The CFO of Fortaco Group is responsible for the Insider Guidelines and the maintaining of the insider list for the general insider management of the company, answering questions in regard to the Insider Guidelines and other insider issues, and any other insider issues of the company.
Fortaco discloses inside information, which directly concerns the company or its financial instruments as soon as possible. Decisions on the disclosure of inside information, or delaying disclosure, are made by the Company’s Supervisory Board and the President & CEO together. In urgent cases, decision can be made together by the Chairman of Supervisory Board and President & CEO. The inside information will be disclosed via a stock exchange release.
Fortaco Group has defined the persons discharging managerial responsibilities in the company pursuant to MAR to be the members of the Supervisory Board, the members of the Board of Directors, CEO and CFO. They, as well as persons closely associated with them, have an individual obligation to notify the company and the FIN-FSA of transactions conducted on their own account relating to the shares or debt instruments of the company or other financial instruments or derivatives linked thereto.
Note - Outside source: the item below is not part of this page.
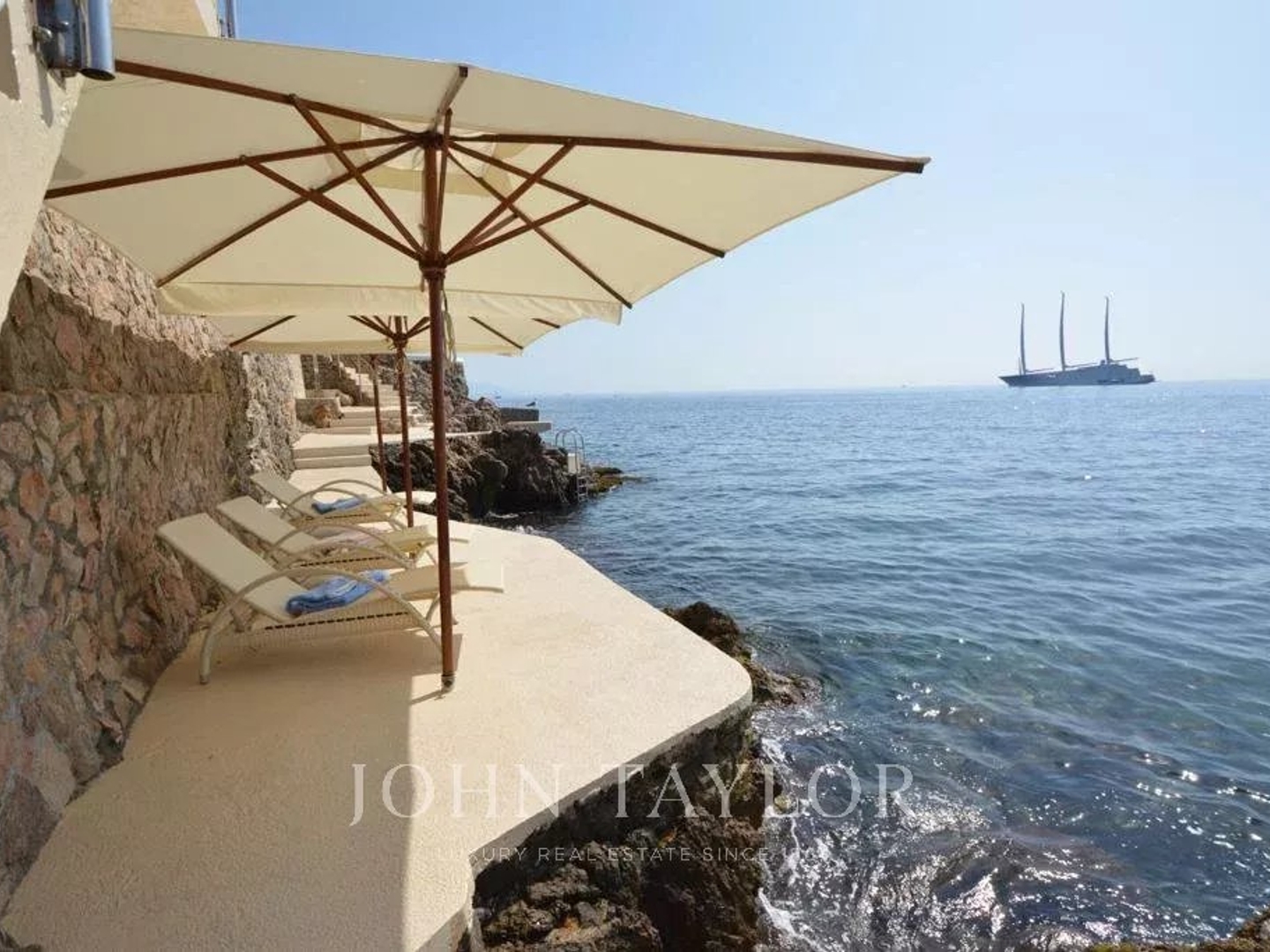 Maison à vendre - 230m2 - Antibes (06160)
An official notification shall be made by the managers and their closely related parties promptly and no later than three business days after the date of the transaction to the company and the FIN-FSA. The company publishes the received transaction notifications as an announcement within two business days of receiving the notification.
The managers may not conduct any transactions on their own account or for the account of a third party, directly or indirectly, relating to the company’s financial instruments during a closed period of thirty (30) calendar days before the publication of the financial statements release or interim financial report, including the day of publication of said report.
The company has expanded the trading restrictions during the closed period to also cover such employees and other persons, who are not managers, and who have a possibility to acquire information on the interim financial report or the year-end report of the company due to their position or duties before the publication thereof.
The company maintains a list of all managers and their closely related parties. The managers must provide the company with a list of their related parties and update such list whenever necessary.
Fortaco has informed all employees about the insider guidelines. Guidelines are available on the company’s intranet. Fortaco organizes training on insider guidelines.